I wanted to point out that all he was really doing was stopping me from using one of my ways of detecting his kind, but I didn’t want to make him angry, so I just nodded instead. “Ok. But after this, we’re done, right? That’s everything. The teeth and the pancreas. So after this you stop taking things from me.”
He reached back into a pocket of his coat and pulled out a long scalpel that shined in the fluorescent lights overhead. It was intricately made, looking as though it had been fashioned from silver chased with gold. Sitting it on the table next to the bag of teeth, he gave a small frown.
“Done? No, we’re far from done.”
I felt my eyes bulge as I strained to stand again. I couldn’t move at all now past my neck. “No! This was it! You take my pancreas and we’re done. You said I chose to give you the teeth first, and that’s fine. Take the pancreas and leave me alone!”
The man leaned back in his chair and sighed as he studied me. “You humans are always so disappointing in the end. Entertaining at first, but so limited. So ignorant. That’s why we share some of our knowledge with you when we enter a covenant with one of your kind. It’s out of sympathy. Pity.”
I snarled at him. “What are you talking about? You’re a damned li-“ His eyes flared with anger as the word froze in my throat.

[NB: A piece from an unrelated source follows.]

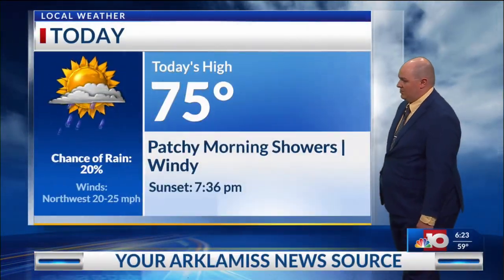We're expecting about 75 degrees for this afternoon, with gusty winds out of the northwest. Tonight we'll start dropping down to the mid forties, so it's going to be on the cooler side. But the good news is at least the winds will start dying down.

“Don’t be discourteous. Your stupidity is not my fault or responsibility.” He shook his head slightly. “But I understand this is hard for you to comprehend, so I will explain.” Reaching forward, he ran a delicate finger along the handle of the scalpel. “Did you know that many words of your kind’s languages come from words of ours?” He flashed another smile. “It’s true. There was a time when our kinds interacted more frequently. We taught you many things, and some of those things still survive in your world today. For instance, the word pancreas. It’s derived from a Greek word that was learned from my kind. Pankreas.”
I felt my throat loosen and I managed to croak out a response. “So what? I’m saying you can take my pancreas. Just take it and leave me alone.”

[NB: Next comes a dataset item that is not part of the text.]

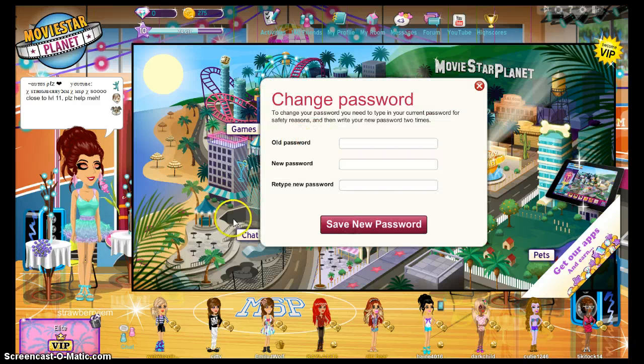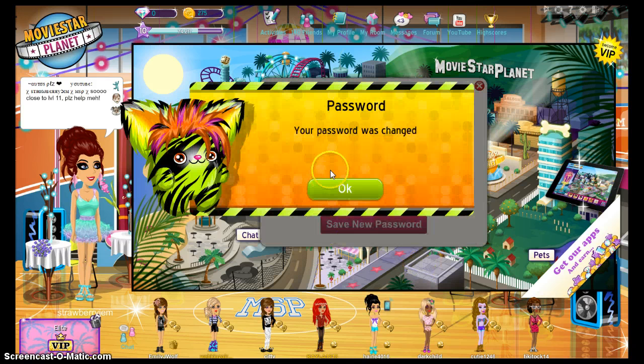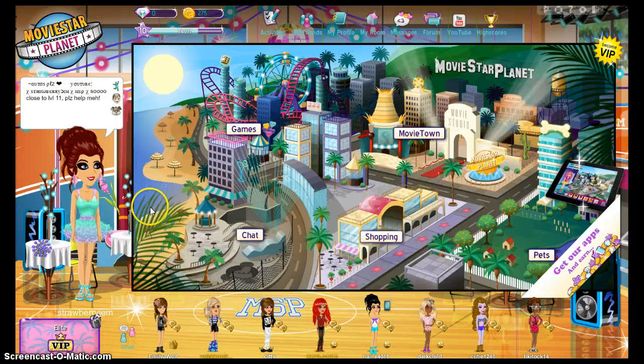Click 'I understand.' Now you will need to put in your old password, which means the one that you logged on with today. And then the new password you want. Make sure the password matches. And your password has been changed.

His smile faded slightly in disappointment. “No, you still don’t understand. Pankreas doesn’t refer to a singular organ.”
Swallowing, I breathed out my last question. “W-what does it mean?”
“Pan means all. And kreas? It means flesh. All flesh. Everything. One bit at a time.”
I began sobbing then, deepening sobs rich with fatigue and terror and regret. I felt like I could barely see or hear anything outside of my own misery, but some part of me still sensed as he picked up the scalpel and stood. Some part distantly recognized that he was watching me weep and laughing silently, not because I heard the laughter itself of course, but because of the bells.
As he stepped around the desk, they continued to jingle with his trembling mirth, some ringing a second time as they struck one of his outer golden ribs. He kept laughing even as he reached me and lifted my shirt, digging into his own mouth and smearing some freezing thick ooze from his fingers across my belly. Everything began slipping into the dark, no, I was slipping into the dark. I would awake later outside a hospital, just as he’d promised, and waking up to find myself alive was in some ways worse, but in the moment he began to cut, that hungry darkness seemed so terrifying. So cold and lonely.
Not that my fear or regret mattered. I was just walking down the same path I’d set myself on thirty-four years earlier. No, not walking, being pulled down it into the unknowable black and the bleak future that lay ahead. Frightened and all alone, except for my surgeon and his blade and his bells.
His damned laughing bells stayed with me as I slid down darkness’ throat.